The Bible has been translated into many of the languages of China besides Chinese. These include major minority languages with their own literary history, including Korean, Mongolian, Tibetan, Kazakh, Kyrgyz, Russian and Uyghur. The other languages of China are mainly tribal languages, mainly spoken in Yunnan in Southwest China.

==Jingpho/Kachin==
The Bible was first translated into the Kachin language in Burma in 1927, by a Swedish Baptist missionary, Ola Hanson. Amity Press published the Jingpho Bible in 1989 and again in 2013.

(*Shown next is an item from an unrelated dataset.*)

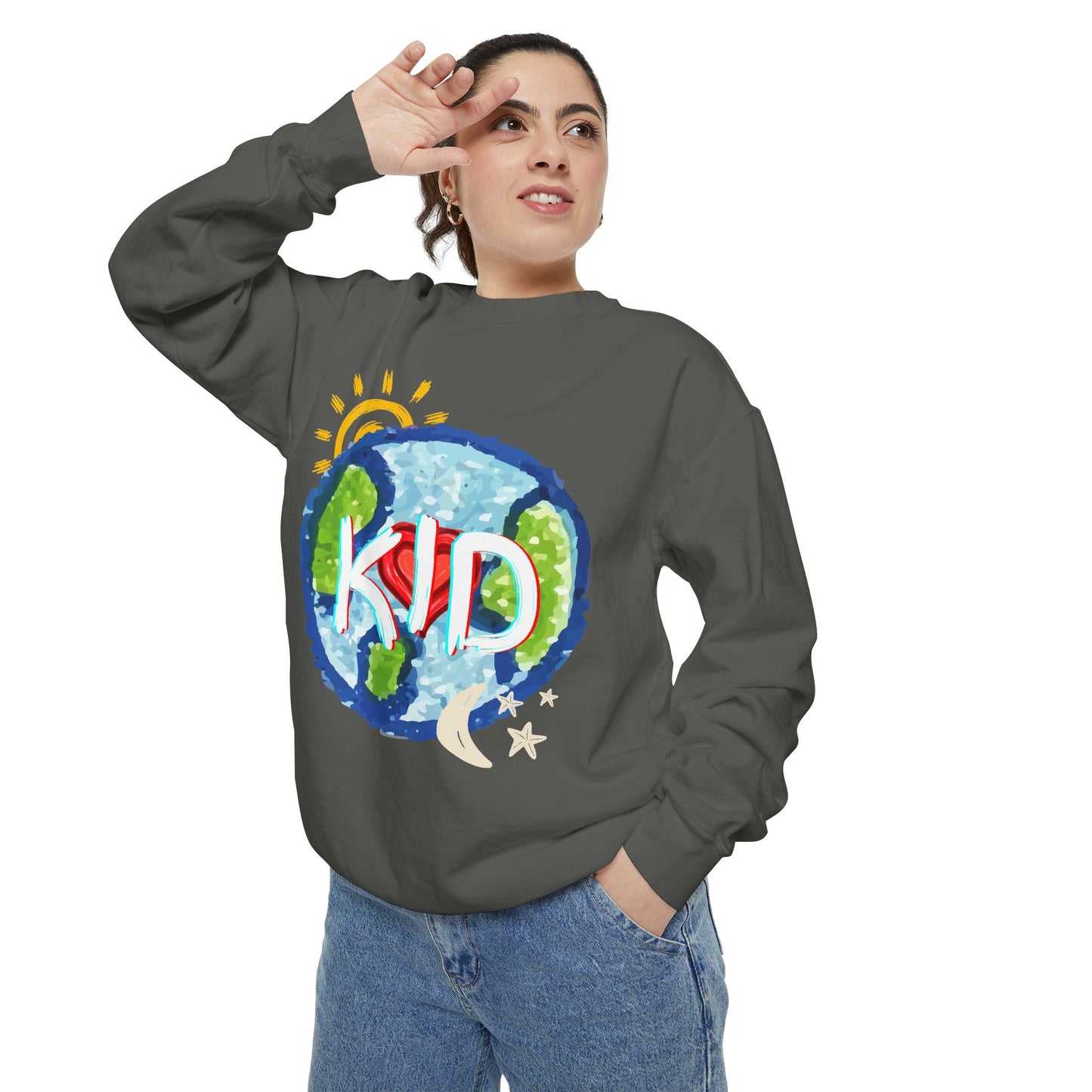 Kid World Graphic Unisex Sweatshirt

| Translation | John 3:16 |
|---|---|
| Myanmar Bible Society 2006 | Kaning rai nme law, Karai Kasang a Kasha hpe kam sham ai ni nlang hte gaw, hten bya n hkrum ai sha, htani htana asak lu la mu ga nga, Karai Kasang gaw shi a Kasha shingtai hpe jaw kau ai kaw du hkra, mungkan ga hpe tsaw ra wu ai. |

==Lahu==
The complete Bible was first published in Lahu in 1989.

| Translation | John 3:16 |
|---|---|
| Thailand Bible Society | Awˬ lawn kʼo, Gʼuiˬsha miˬguiˬ yaˇ hta‸ ha‸ jaˇ ve pa taw, yawˇ ve Yaˇ hpu tiˍ piˇ laˇ ve yoˬ. Hkʼe te leh, Yaˇ hpu hta‸ hkʼa yonˍ ve chaw hkʼa peu-eˬ maˇ gʼa luˬ maˇ gʼa sheˆ ve awˬ hkʼoˆ ka‸, co ti‸ ha ti‸ hta‸ gʼa ve yoˬ. |

==Lisu==
Lisu is part of the Tibeto-Burman family. Samuel Pollard and James O. Fraser prepared simple Christian literature while they were in the first stages of learning the Miao and Lisu languages. Upon the creation of the Fraser (Old Lisu) script in 1915, Fraser started work on translating the Bible.

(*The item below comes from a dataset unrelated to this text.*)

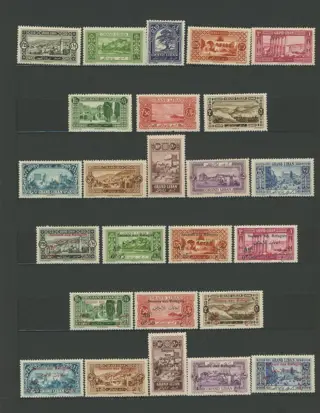 Franse kolonie 1924 - Quote: over €2400 - Greater Lebanon - Very nice consistent set, mint, including MNH, post, airmail, - Depuis le n°1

In the Central Lisu dialect, Fraser first worked on Mark and John, publishing them in the 1920s. He then handed on the translation task to Allyn Cooke and his wife, Leila, coming back to help the team with revision in the mid 1930s. Isobel Miller Kuhn also worked on the translation. The New Testament was finished in 1938, and the complete Bible in 1968.

The Trinitarian Bible Society completed a translation in 1980, with some light revisions having been made in the later part of that decade. An annotated Bible in Lisu was completed in 2013 from the United Bible Societies.

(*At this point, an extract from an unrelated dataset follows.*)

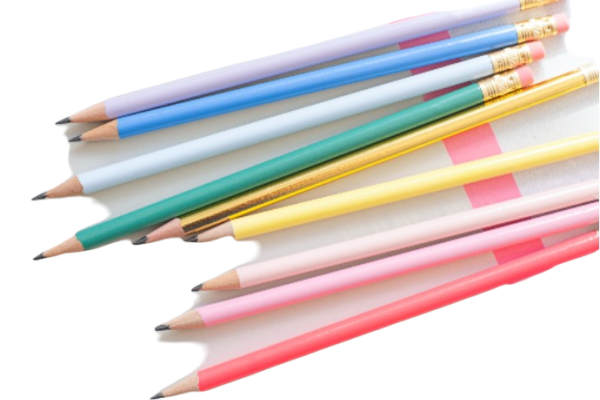 Multicoloured pencils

| Translation | John 3:16 |
|---|---|
| Lisu Bible (SI XY ꓕO L⅂), Trinitarian Bible Society (1980) | ꓮꓽ ꓟ ꓥˍ ꓟꓲ ꓬꓲ ꓔꓯ ꓙꓵꓻˍ ꓠꓬ ꓟꓽ ꓟꓶꓽ ꓡꓰ ꓢꓲ꓾ ꓕꓲ ꓞꓲꓼ ꓕꓲ ꓑ ꓟ ꓢꓯꓼ ꓟꓬ ꓟꓶ ꓠꓹ ꓟ꓾ ꓪꓴ-ꓢ ꓠꓬ ꓬꓲ -ꓤ- ꓔꓲꓸ ꓖꓶ ꓗꓷ ꓗꓪ ꓛꓲ꓾ ꓟꓲ ꓠꓯ ꓞꓳ ꓤ ꓔꓯ ꓠꓲꓹ ꓠꓵˍ ꓡꓳ꓿ |

==Eastern Lisu/Lipo==
Bible translation in Eastern Lisu started in the early 1900s, using an early version of the Pollard script to write the language. The Gospel of Matthew, translated by George E. Metcalf and Arthur G. Nicholls was published by the British and Foreign Bible Society as early as 1912. The New Testament in Eastern Lisu, translated by George E. Metcalf, was first published in 1951 in Hong Kong; however, no copies ever got back to Yunnan. A complete Bible in Eastern Lisu was finished in 2013, published by the United Bible Societies.

==Miao==
Sam Pollard began work translating the New Testament into the Large Flowery Miao language of northeastern Yunnan in 1906, publishing parts of it, however died of typhoid in 1917 before he could finish it. Colleagues completed the work. The book was typeset in Japan, and eventually 85,000 copies were distributed.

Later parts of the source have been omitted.